Выбрать главу

— Анекдот, анекдот вспомнила! — кричит Виктория и пальцами обеих рук пианирует по воздуху над столом так, чтобы все обратили внимание на легкость и изящество ее движений, ибо она пианирует «пальчиками»; она почитает свои накрашенные когти именно легкими, как сон, пальчиками.

Еще она любит касаться своей груди и поглаживать ее как бы случайно, инстинктивно, неосознанно оберегая нежность и ценность молочных желез от грубостей и пошлостей мира. Еще она любит прижимать обеими ручками волосы, чтобы смирить их невероятную легкость, их неудержимый эфирный полет. Еще она часто прикладывает пальчики к губам и щекам, чтобы целомудренно скрыть их роковую соблазнительность.

И вот она пианирует пальчиками над столом и: «Ха-ха-ха, у Бальзака спрашивают: „Вы все из головы пишете?“ А он, ха-ха-ха: „Да, из головы — я из ноги еще не могу!“ И еще, и еще, слушайте! Сидит этот Бальзак грустный такой, ха-ха-ха, у него спрашивают, а чего вы такой грустный, а он: „Потому, что умер отец Горио!..“ А вы мне больше не наливайте, мы с Мариночкой больше не хочим вина, оно уже кислое, его еще в Касабланке брали, мы шампанского хочим, да, Мариночка?..» — и все это девочкиным голоском, и каждый раз, когда она приподнимается с дивана, то опускаясь обратно, подкидывает сзади юбку, чтобы не мять, и садится на диван голыми трусами, а так как я сижу рядом, то она уж старается изо всех сил, чтобы я цвет ее трусов разглядел как следует. Она сегодня здесь королева бала, она самый близкий капитану человек, капитан взбалтывает шампанское в ее стакане проволочкой от пробки, потому что она не любит и не хочет «с газами» — от них сразу голова кружится, и капитан отодвигает от нее подальше тарелку с семгой, потому что Виктории не нравится запах рыбьего жира — Юра уже основательно изучил вкусы своей возлюбленной. И я — второй человек на судне — даю ей прикуривать «Уинстон» с легкой и шаловливой улыбкой — о, я давно научился лицедействовать в таких ситуациях, — ведь все это для благородных целей, ради мирного сосуществования, ради хорошего психологического климата в экипаже, это все кодекс морского поведения, который скрыт от глаз романтических психологов. Послушали бы они, как дублер капитана осуждает вместе с «девушками» отвратительные новшества, внедряемые на пассажирских лайнерах. Там запретили коридорным и другой обслуге брать чаевые у иностранных туристов…

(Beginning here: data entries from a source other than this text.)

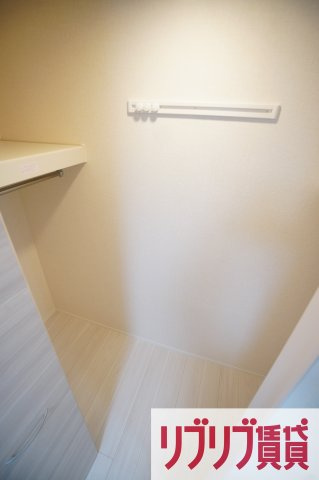 ガルデ西千葉の収納
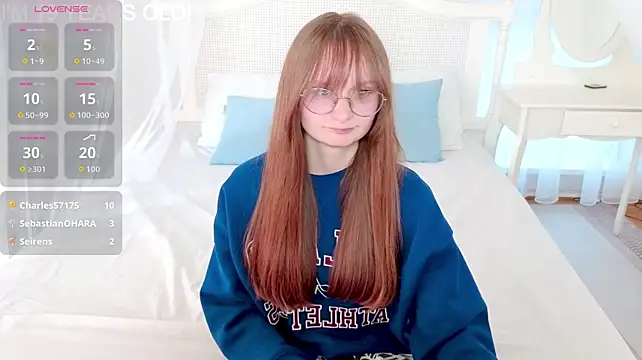 _EliDream – Naživo XXX chat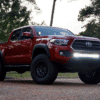 2016-2022 TOYOTA TACOMA 32" LOWER BUMPER HIDDEN LED LIGHT BAR KIT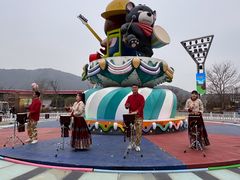-无锡动物园·太湖欢乐园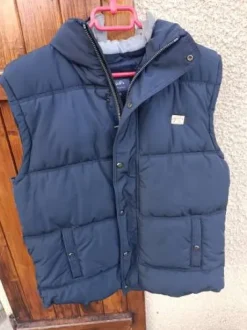 Doudoune sans manches homme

Про повод вечеринки — внука моего давным-давно погибшего товарища и моей первой в жизни женщины — тут начисто забыли — так мне начинает казаться. Но я ошибаюсь. Когда дамы в очередной раз покидают бал, вдруг оказывается, что Юра трезв, как ЭВМ. (Я вообще ни разу не видел его тяжело хмельным ни на берегу, ни на судне. И он и стармех умеют пить, знают норму и не забывают закусывать.) Юра поднимает рюмку в трехминутной тишине и смотрит мне в глаза трезвым и спокойным взглядом: «Ну, за того и другого Степанов! Пускай новый будет счастливей нас!» Мы с механиком поднимаем рюмки, но немного теряемся. При тосте за погибших на флоте не чокаются. Тост объединяет и живых, и мертвых. Как быть с новорожденным Степкой? Юра оценивает обстановку и выходит из положения по стопам Колумбов и Соломонов: «Стало быть, споловиним, ребятки!»

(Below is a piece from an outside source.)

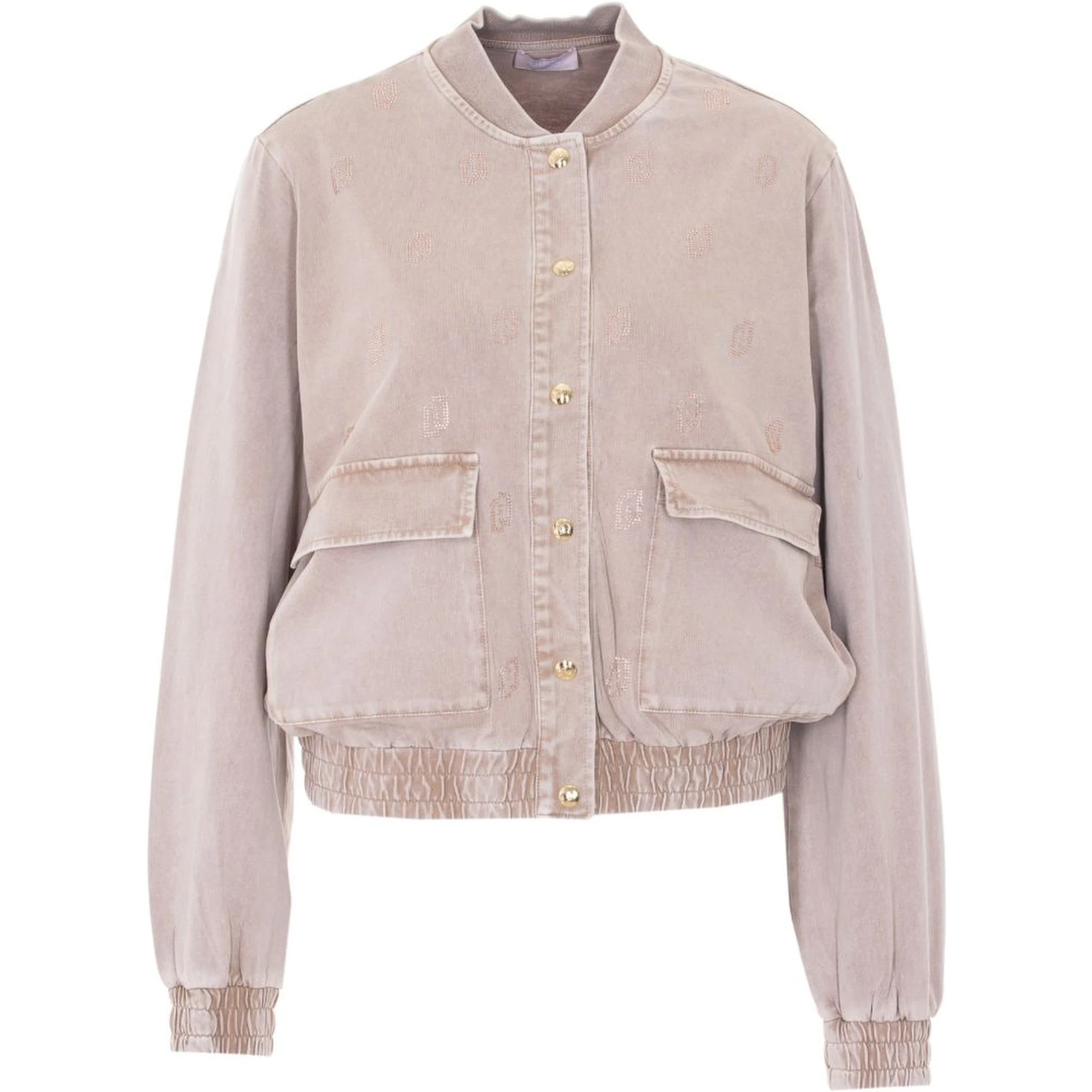 Liu Jo Jackets Beige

Сперва мы выпиваем по глотку за погибшего деда, потом чокаемся и пьем за внука. И Юра берет гитару. Они с механиком поют на два голоса. Они поют хорошо, они прекрасно спелись, они близки друг другу без показухи, их связывает сто тысяч общих миль за кормой.

Отговорила роща золотая Березовым веселым языком…

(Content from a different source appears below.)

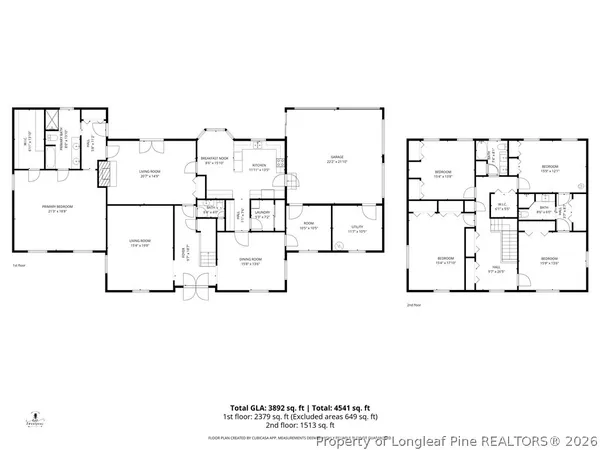 $310,000 | 3302 North Rowland Avenue, Lumberton, NC 28358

После бала я лезу в ванну. В приятном состоянии невесомости качаюсь вместе с теплой водой, мочалкой и уткой-поплавком французского шампуня. Нет лучше игрушки для стареющего мужчины, нежели полупустой пузырек шампуня в ванной. Незаметный поворот обратно к детству. Когда вы топите шампунную уточку и потом с любопытством ждете ее стремительного и неуклонного всплытия из мутной воды, знайте, — это свисток с того света.